• Work request
Please repeat exactly the lines from the one containing "DNA High Perfomance" through the last line of the records, both included, and nothing else, leaving out any pictures.

• Task input

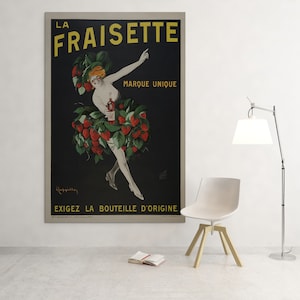 The Fraisette (1909) print in high resolution by Leonetto Cappiello. Art Print. Printable Art. Vintage Ad (Digial Download)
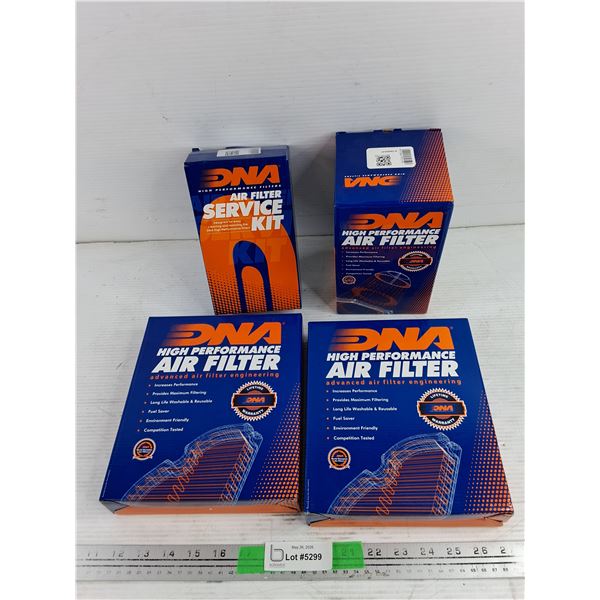 DNA High Perfomance Air Filters & Air Filter Service Kit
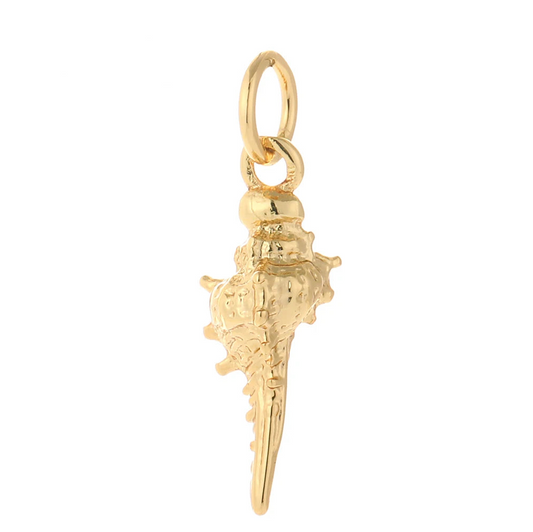 Gilded Shell charm, Charmeez gold charm, Atlantis collection, golden seashell pendant, ocean inspired jewelry, marine treasure charm, luxury nature design, elegant coastal accessory, DIY jewelry supplies, custom charm for necklaces bracelets earrings, timeless, refined, glamorous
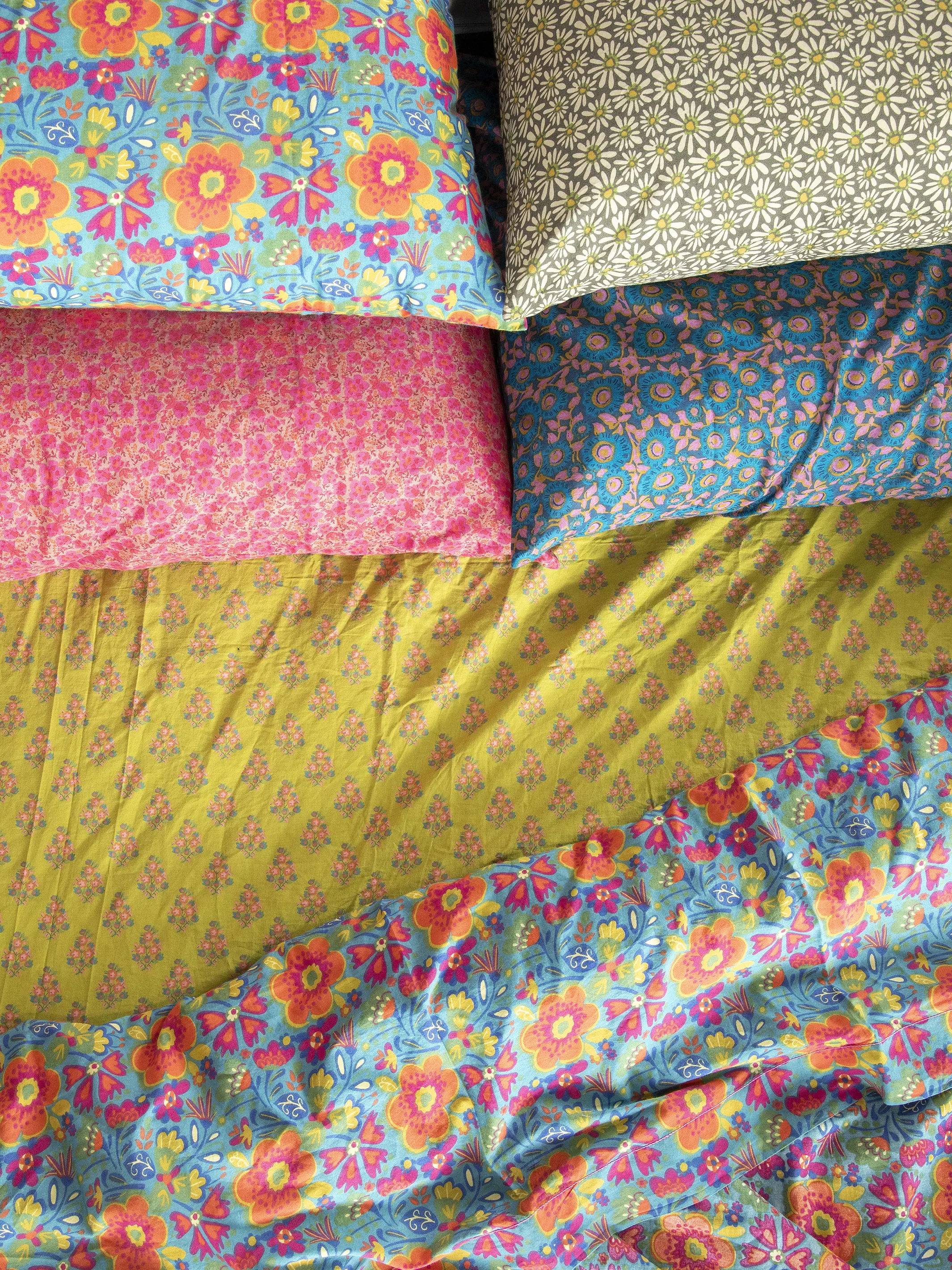 Mix & Match Cotton Pillowcase, Single - Pink Marlow - Image 4
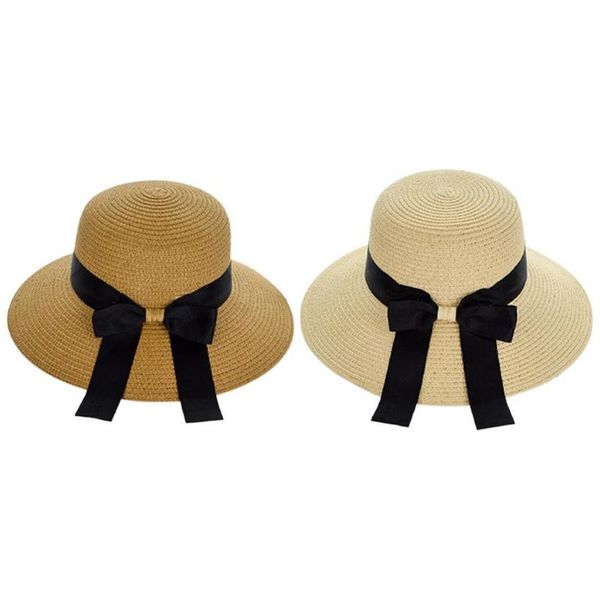 

wide brim hats women's straw hat collapsible sun beach travel sunsn fisherman panama241n, Blue;gray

• Worked solution
 DNA High Perfomance Air Filters & Air Filter Service Kit
 Gilded Shell charm, Charmeez gold charm, Atlantis collection, golden seashell pendant, ocean inspired jewelry, marine treasure charm, luxury nature design, elegant coastal accessory, DIY jewelry supplies, custom charm for necklaces bracelets earrings, timeless, refined, glamorous
 Mix & Match Cotton Pillowcase, Single - Pink Marlow - Image 4

wide brim hats women's straw hat collapsible sun beach travel sunsn fisherman panama241n, Blue;gray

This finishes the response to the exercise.